In the days before the shooting, David and Cecil Rosenthal were often at Tree of Life, carrying Torahs. Their former boss, Barton Schachter, worked for the Pittsburgh Steelers, who paid tribute to the deceased brothers and other Pittsburgh residents. The two brothers were a part of the Pittsburgh community, and they never missed a Saturday service. ACHIEVA, a non-profit organization for people with disabilities, was established in their honor.
After the shooting in Squirrel Hill, Irv Younger became a regular at the Squirrel Cage Cafe. He was a graduate of Taylor Allderdice High School and owned a real estate business in the area. Irving Younger lived in Mount Washington. A friend of Younger’s, Ted Chernoff, worked at Coffee Tree Roasters and knew him. Chernoff and Younger had last seen each other a couple days before the shooting.
Mourners began to gather at the Rodef Shalom Temple in Oakland an hour before the funeral service. Some spoke softly, commenting on the sudden spring in the air. Others wore somber colors and stared in disbelief. Irving Younger was one of the eleven victims of the shooting, which left 11 dead and six wounded. The shooting has been charged as a hate crime.

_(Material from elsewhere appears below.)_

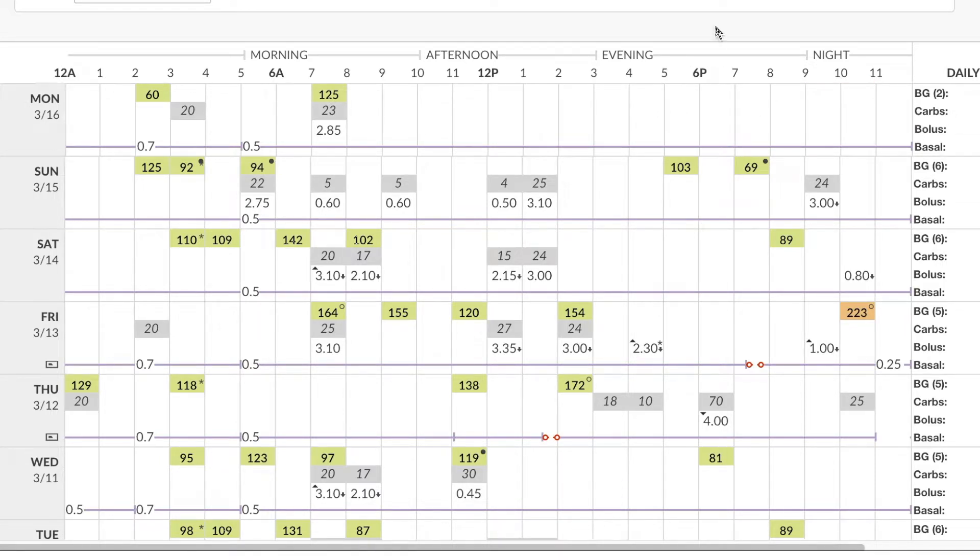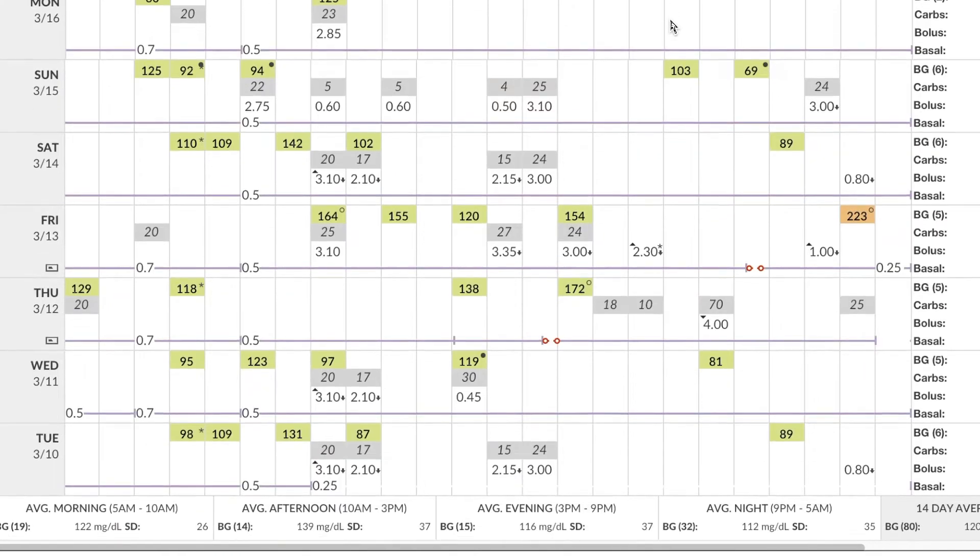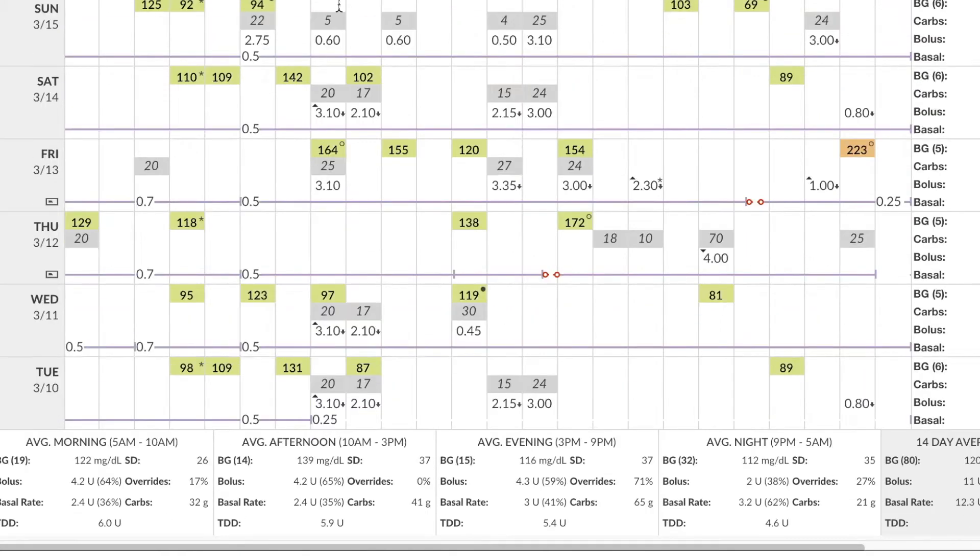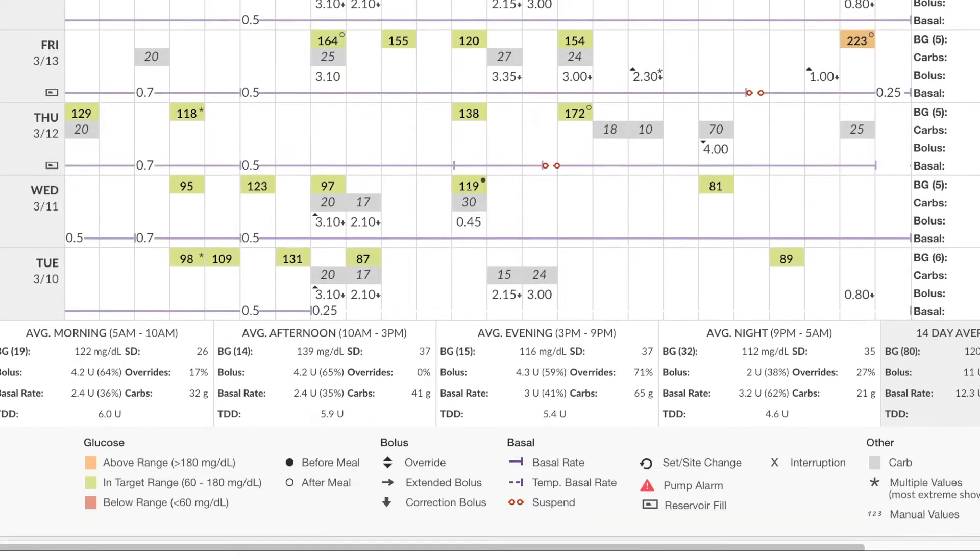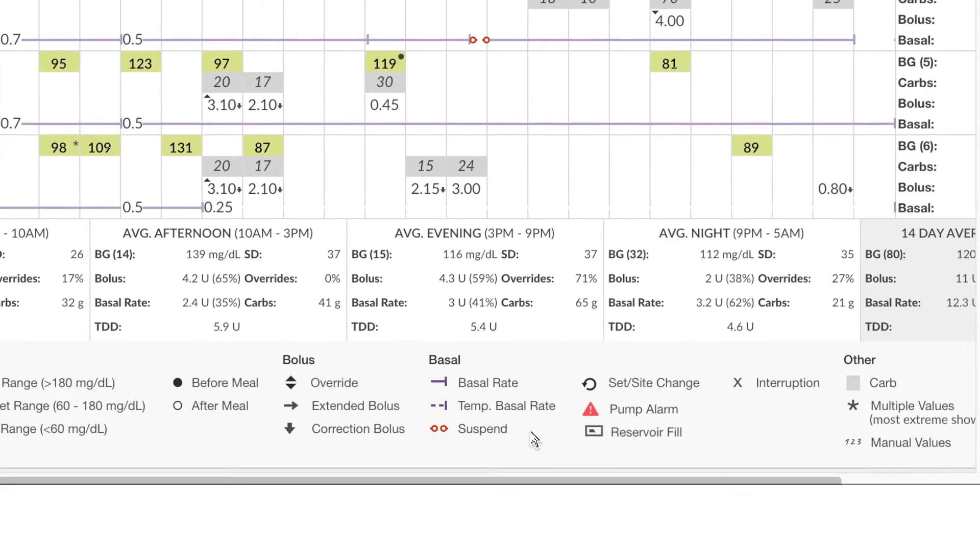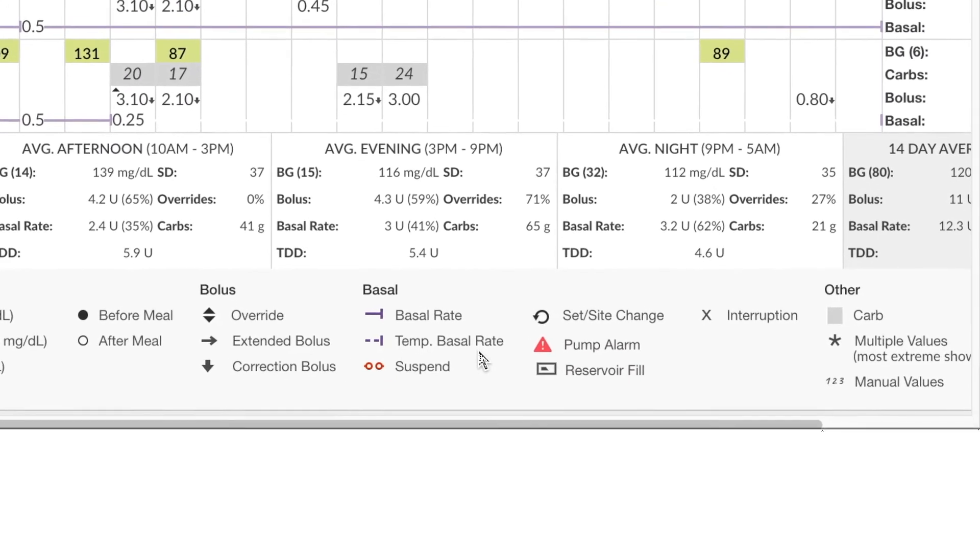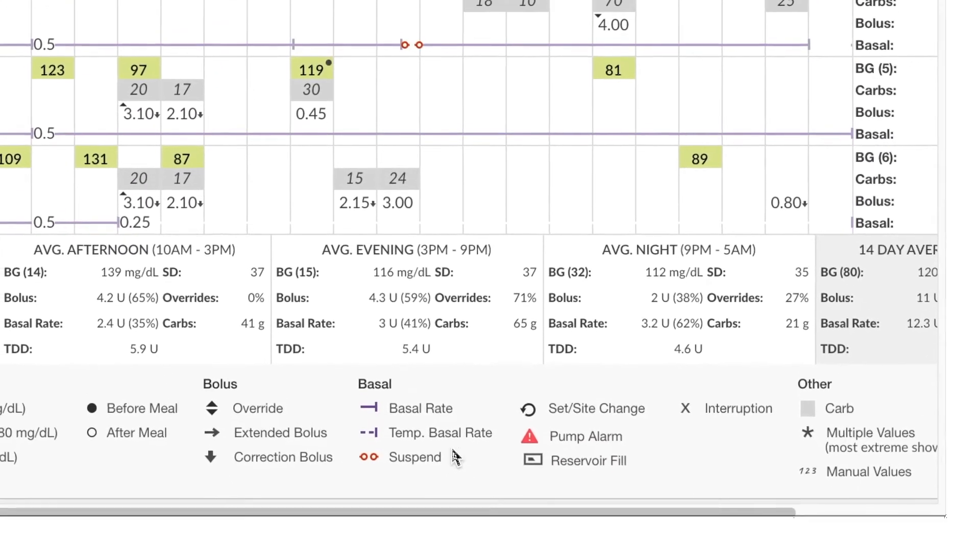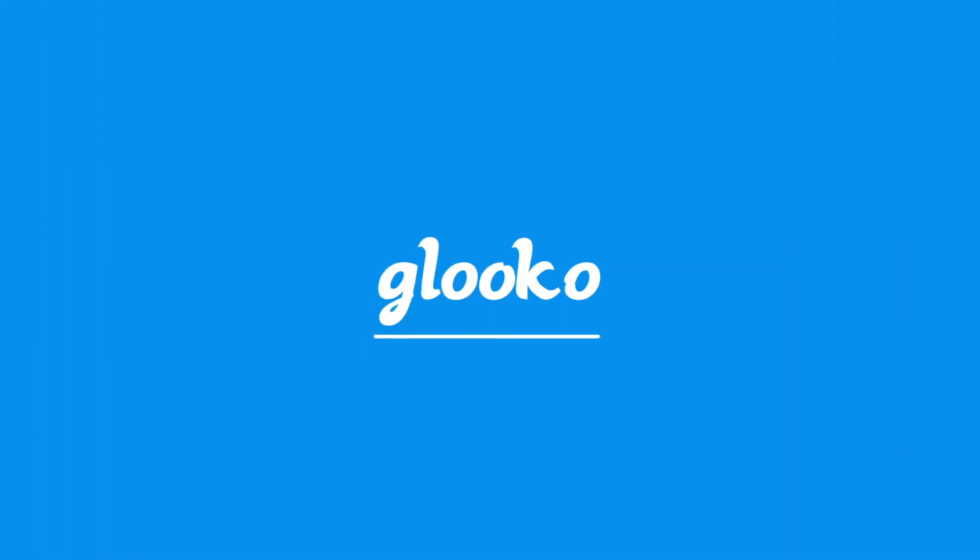If you have any questions about the icons within the graph, I highly recommend you scroll down to the legend at the bottom. It's going to tell you what the icon for temp basal rate is, for instance, or when there was a suspend on an account.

One of the victims of the Squirrel Hill shooting was a member of the Carnegie Mellon community who was 75 years old. Joyce Fienberg worked in the department of statistics at CMU and was beloved by her community. She was shot by a gunman who entered the Tree of Life Synagogue and killed eleven people. Several of her close friends are attending her funeral.
Joyce Fienberg was a university researcher who spent most of her life at the University of Pittsburgh’s Learning Research and Development Center. She specialized in childhood development, and was devoted to her work. The shooting was particularly devastating to Fienberg’s family, which includes two sons who live in Washington and one in Paris. Her husband, Stephen, was an emeritus professor at Carnegie Mellon University. He died in December 2016, and she is survived by her two sons and several grandchildren.
Irving Younger was a realtor
Known for his calm demeanor and love of baseball, the real estate broker was a familiar face around the neighborhood. Born and raised in Squirrel Hill, Irving Younger was a graduate of Allderdice High School and owned Harris Realty on Murray Avenue for 35 years. His office was “super old-school,” his daughter said, and she said he loved working in real estate. Younger also coached youth baseball and football in the neighborhood and was a member of the church’s Tree of Life congregation.
In the months following the massacre, a memorial has been created for the victims of the Tree of Life synagogue shooting. In addition to his role as a greeter, Irving Younger was also a long-time rabbi at the Tree of Life synagogue in Pittsburgh. Those who knew him will likely remember his warm demeanor and willingness to help those in need. The memorial is dedicated to Younger, who was a popular member of his community and very active in many of its functions.
Jessica Watson is a PHD holder from the University of Washington. She studied behavior and interaction between squirrels and has presented her research in several wildlife conferences including TWS Annual Conference in Winnipeg.